=== THE INPUT ===

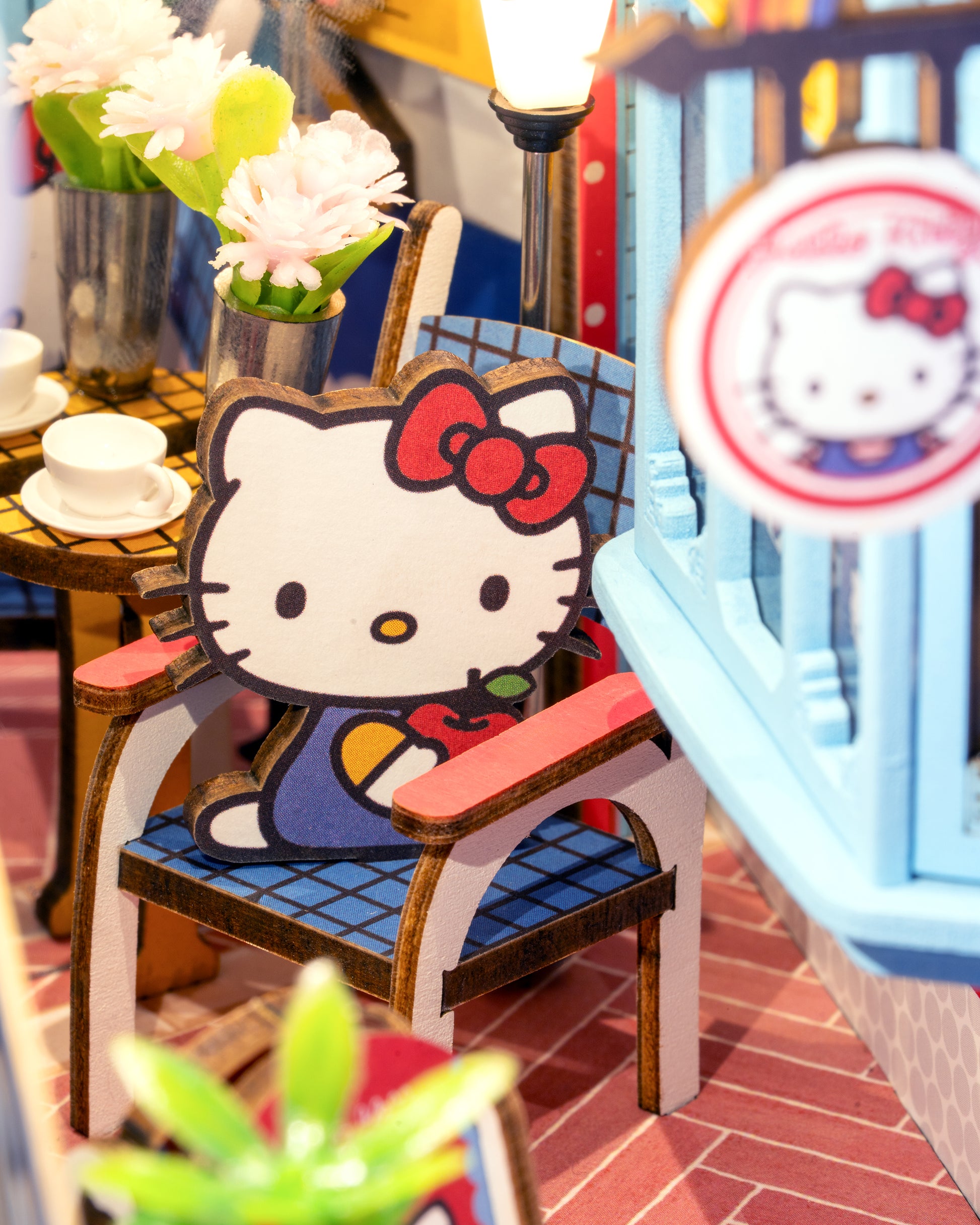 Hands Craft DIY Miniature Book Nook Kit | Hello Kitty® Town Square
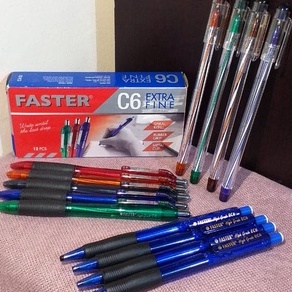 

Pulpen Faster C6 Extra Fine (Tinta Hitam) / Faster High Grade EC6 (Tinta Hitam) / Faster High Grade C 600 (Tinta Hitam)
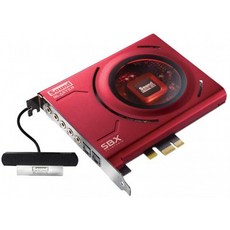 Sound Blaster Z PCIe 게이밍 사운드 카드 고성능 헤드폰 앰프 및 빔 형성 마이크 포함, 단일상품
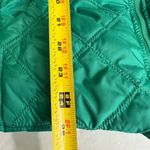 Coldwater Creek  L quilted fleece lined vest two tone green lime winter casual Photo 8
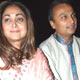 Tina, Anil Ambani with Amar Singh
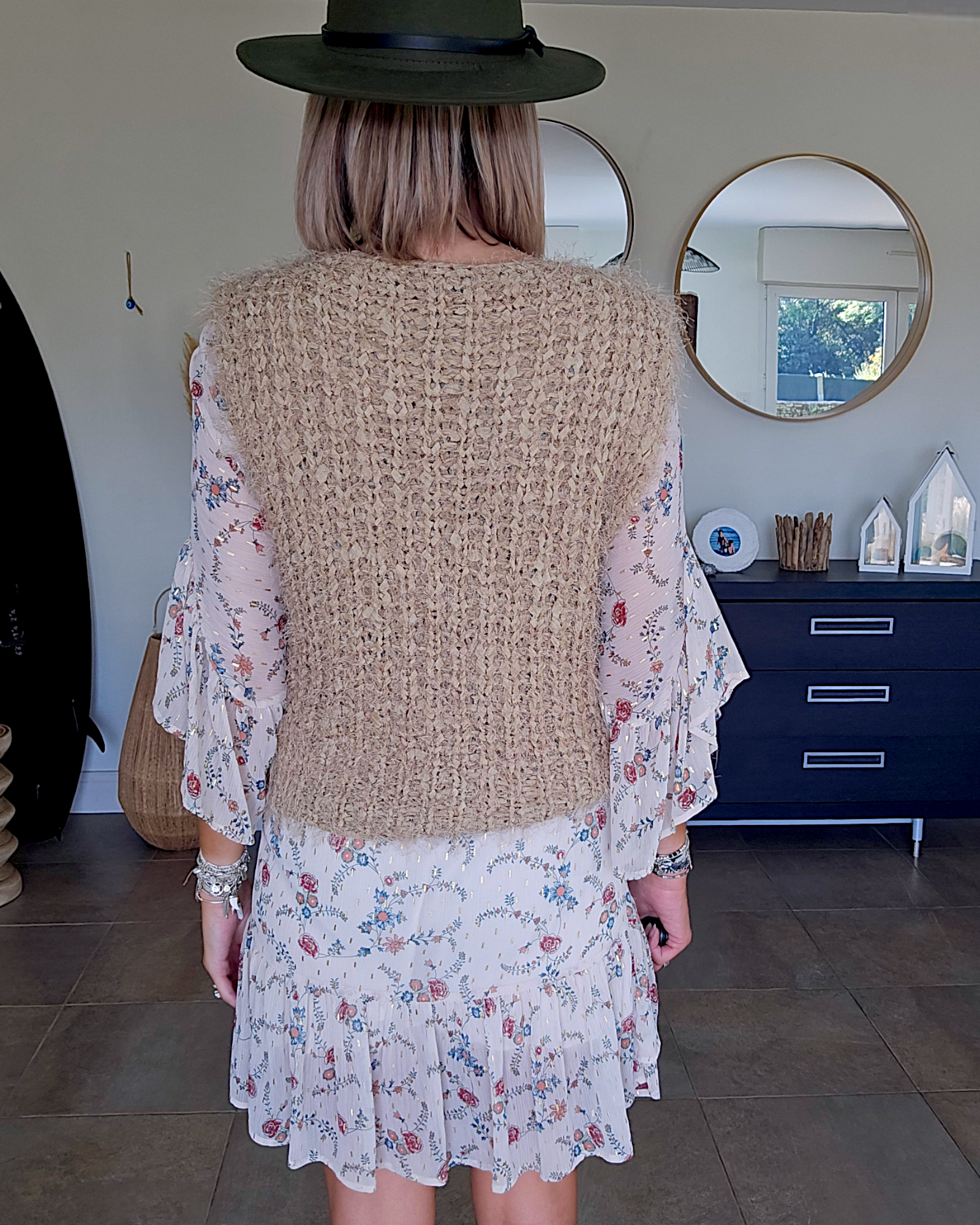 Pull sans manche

===
=== THE INPUT ===

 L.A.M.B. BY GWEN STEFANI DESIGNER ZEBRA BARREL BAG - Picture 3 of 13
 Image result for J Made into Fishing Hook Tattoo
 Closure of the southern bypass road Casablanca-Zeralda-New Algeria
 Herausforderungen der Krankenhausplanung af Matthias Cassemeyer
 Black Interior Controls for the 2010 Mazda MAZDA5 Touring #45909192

===

*TASK DIRECTIONS:* Print exactly the lines above, between the one holding "Closure of the" and the one holding "Black Interior Controls", inclusive, and nothing besides.

*ANSWER SECTION:*
 Closure of the southern bypass road Casablanca-Zeralda-New Algeria
 Herausforderungen der Krankenhausplanung af Matthias Cassemeyer
 Black Interior Controls for the 2010 Mazda MAZDA5 Touring #45909192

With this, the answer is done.